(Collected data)

==*==

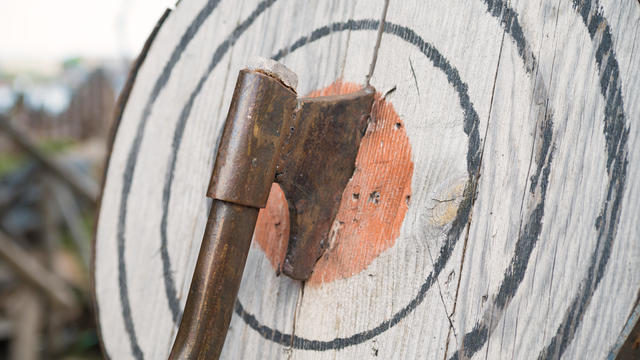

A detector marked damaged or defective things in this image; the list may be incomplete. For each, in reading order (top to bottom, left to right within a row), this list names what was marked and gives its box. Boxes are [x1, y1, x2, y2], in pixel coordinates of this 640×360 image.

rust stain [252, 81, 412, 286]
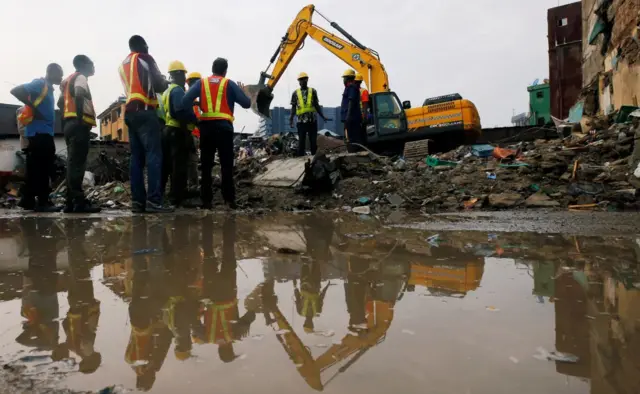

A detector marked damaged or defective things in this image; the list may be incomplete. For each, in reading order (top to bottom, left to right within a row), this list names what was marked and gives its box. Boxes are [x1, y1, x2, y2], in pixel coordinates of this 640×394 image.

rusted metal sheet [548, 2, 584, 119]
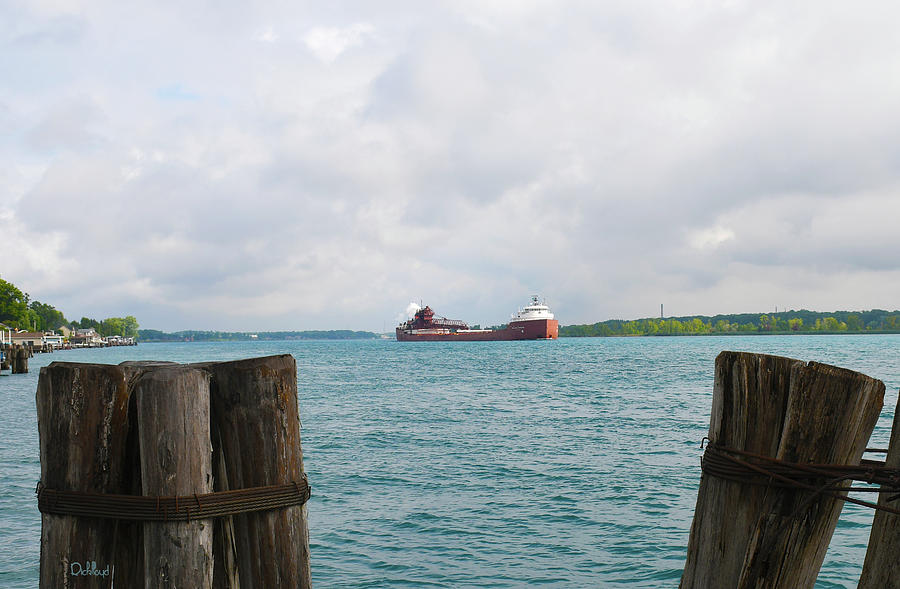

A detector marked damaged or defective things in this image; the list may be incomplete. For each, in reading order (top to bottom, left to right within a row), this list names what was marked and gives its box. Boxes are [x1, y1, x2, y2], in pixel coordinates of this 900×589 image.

==*==

Work order:
Give again, word for word, the lines from the one containing "this 640×394 image." through the last line of the entries, with pictures omitted and nothing added.

Response:
A detector marked damaged or defective things in this image; the list may be incomplete. For each, in reading order (top to bottom, left to right within a row), this list names what was marked and gives its box. Boxes are [x1, y1, x2, y2], in pixel coordinates of this 640×394 image.

rusted metal sheet [548, 2, 584, 119]

A detector marked damaged or defective things in this image; the list may be incomplete. For each, in reading order (top to bottom, left to right within a row), this list names what was marked and gives its box. Boxes are [x1, y1, x2, y2], in pixel coordinates of this 900×589 image.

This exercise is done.